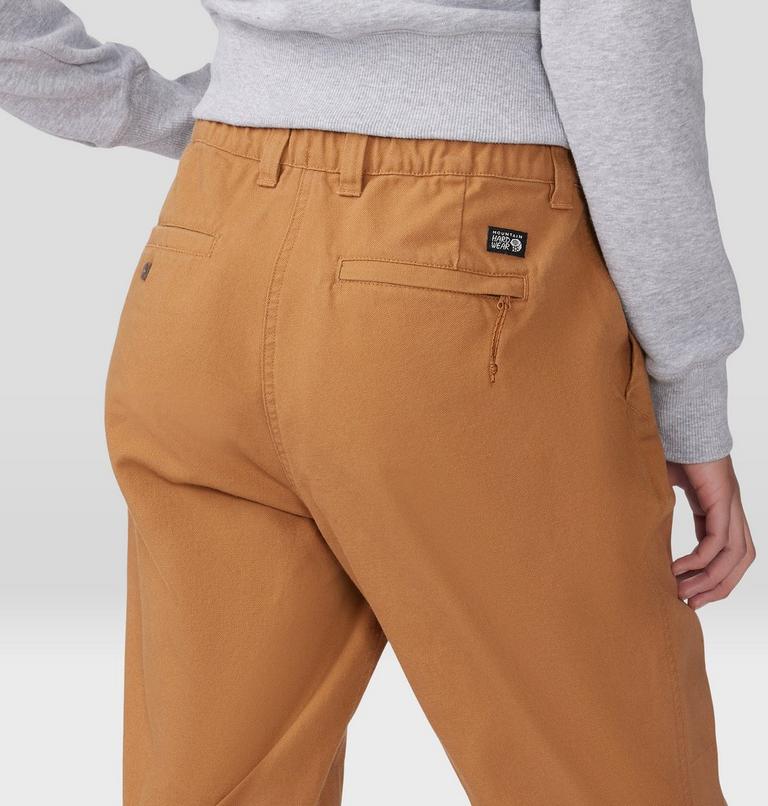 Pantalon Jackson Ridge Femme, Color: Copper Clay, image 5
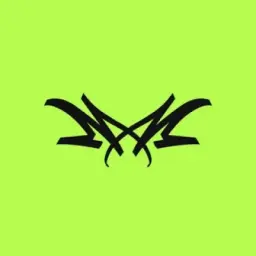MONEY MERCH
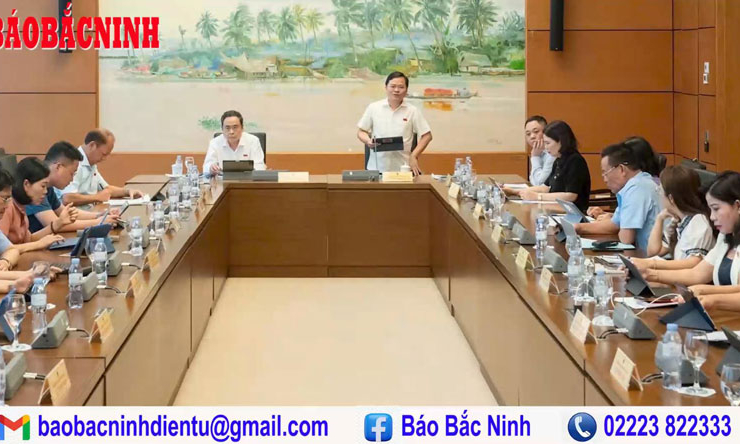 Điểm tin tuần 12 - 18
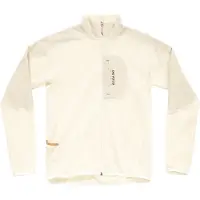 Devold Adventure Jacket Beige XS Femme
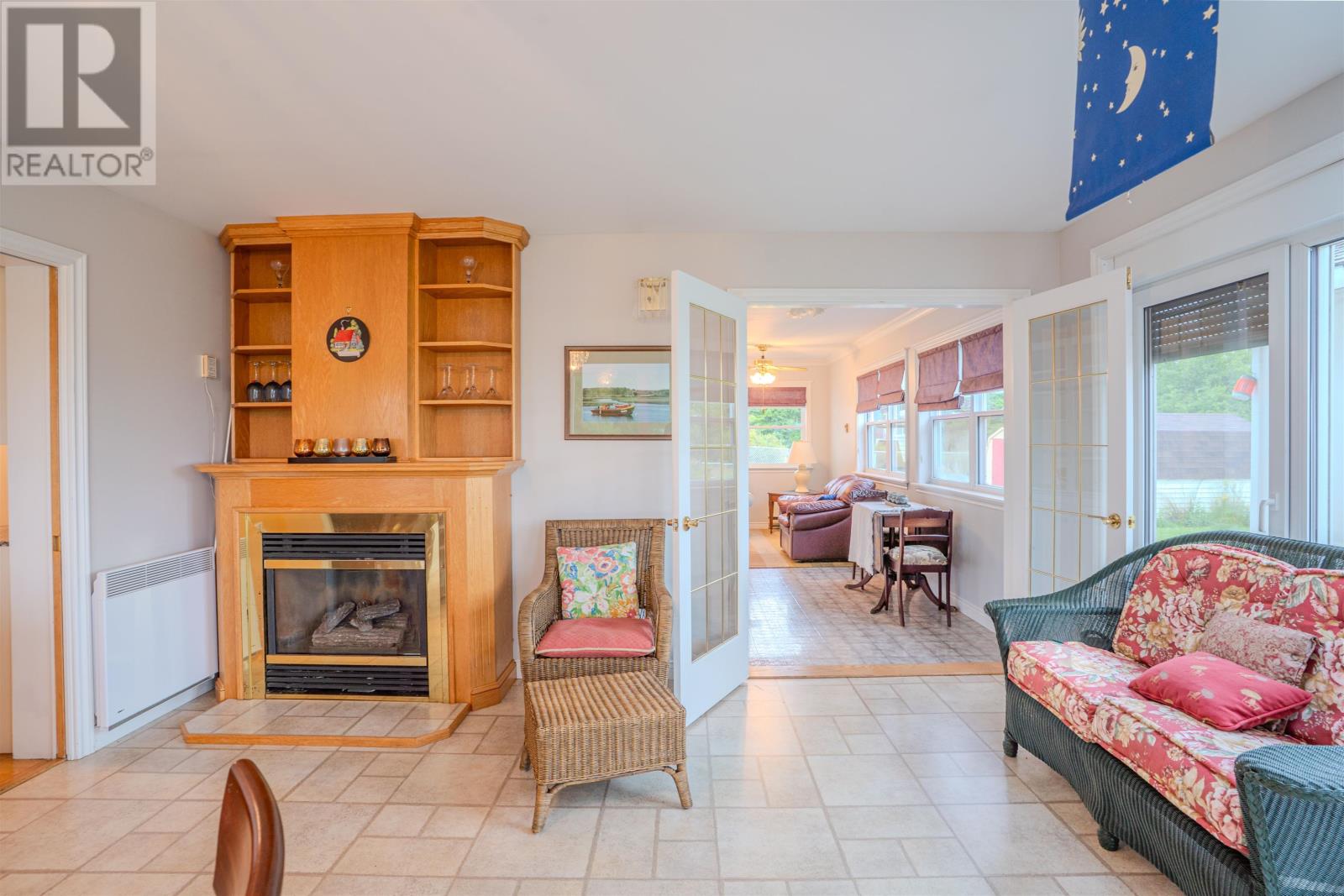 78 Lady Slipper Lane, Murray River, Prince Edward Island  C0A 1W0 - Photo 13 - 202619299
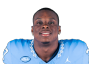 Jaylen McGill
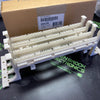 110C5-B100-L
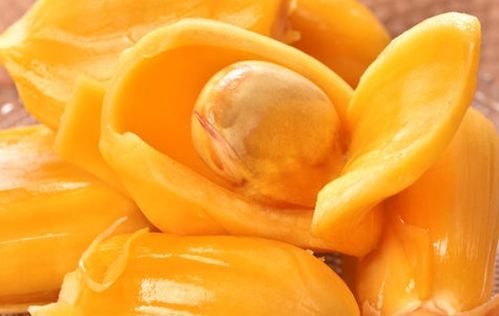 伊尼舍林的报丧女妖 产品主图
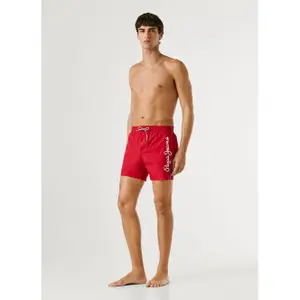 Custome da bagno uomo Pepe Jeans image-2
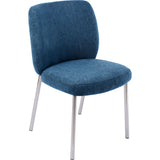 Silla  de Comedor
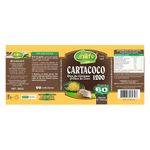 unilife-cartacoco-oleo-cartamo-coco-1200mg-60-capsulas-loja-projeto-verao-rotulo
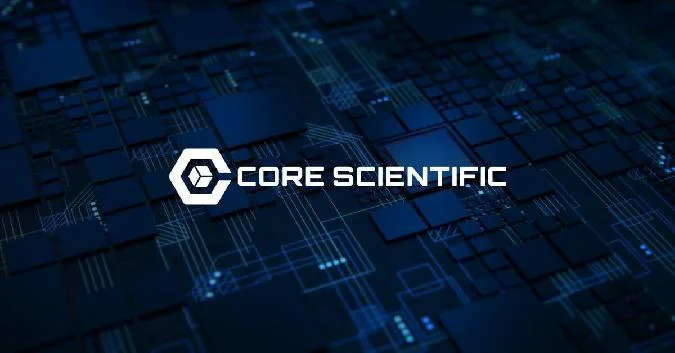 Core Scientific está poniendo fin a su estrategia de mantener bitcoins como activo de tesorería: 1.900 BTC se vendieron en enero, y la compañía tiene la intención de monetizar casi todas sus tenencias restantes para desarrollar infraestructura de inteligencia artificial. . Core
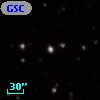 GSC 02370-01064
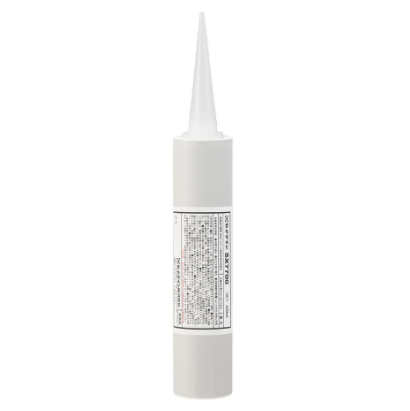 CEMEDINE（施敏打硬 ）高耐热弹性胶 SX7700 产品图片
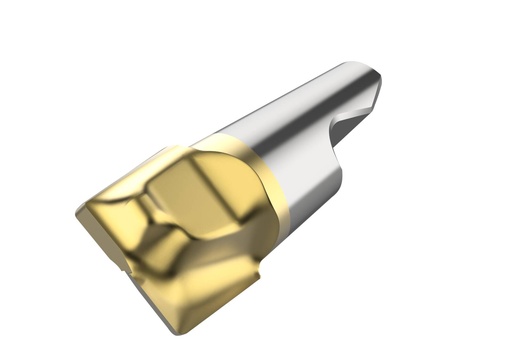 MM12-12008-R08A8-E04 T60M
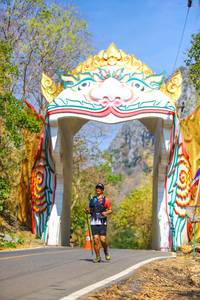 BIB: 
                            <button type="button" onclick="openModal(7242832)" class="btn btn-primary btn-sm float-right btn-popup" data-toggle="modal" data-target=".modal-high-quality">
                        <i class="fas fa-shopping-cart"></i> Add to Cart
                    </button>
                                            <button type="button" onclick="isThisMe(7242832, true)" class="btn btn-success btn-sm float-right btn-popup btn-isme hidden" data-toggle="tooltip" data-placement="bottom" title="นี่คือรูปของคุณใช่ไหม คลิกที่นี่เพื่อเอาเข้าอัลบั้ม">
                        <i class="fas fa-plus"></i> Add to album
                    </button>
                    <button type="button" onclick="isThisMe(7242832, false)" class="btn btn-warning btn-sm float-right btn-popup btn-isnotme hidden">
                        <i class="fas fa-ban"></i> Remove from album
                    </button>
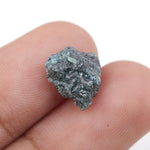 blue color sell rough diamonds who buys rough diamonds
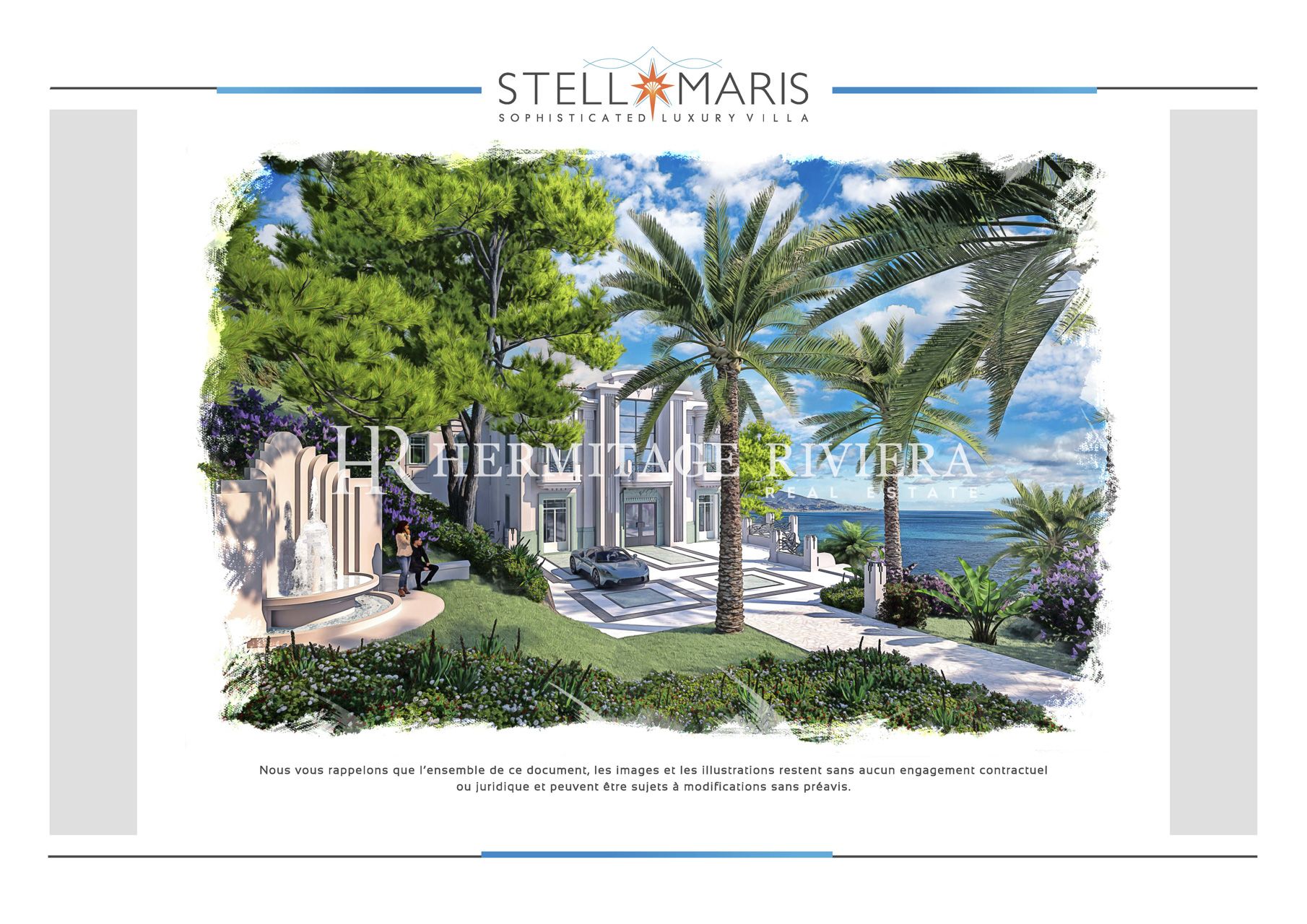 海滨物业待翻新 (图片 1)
* * *
> Work to be completed:
Copy each line above that contains the string "album".

> Exercise response:
                        <i class="fas fa-plus"></i> Add to album
                        <i class="fas fa-ban"></i> Remove from album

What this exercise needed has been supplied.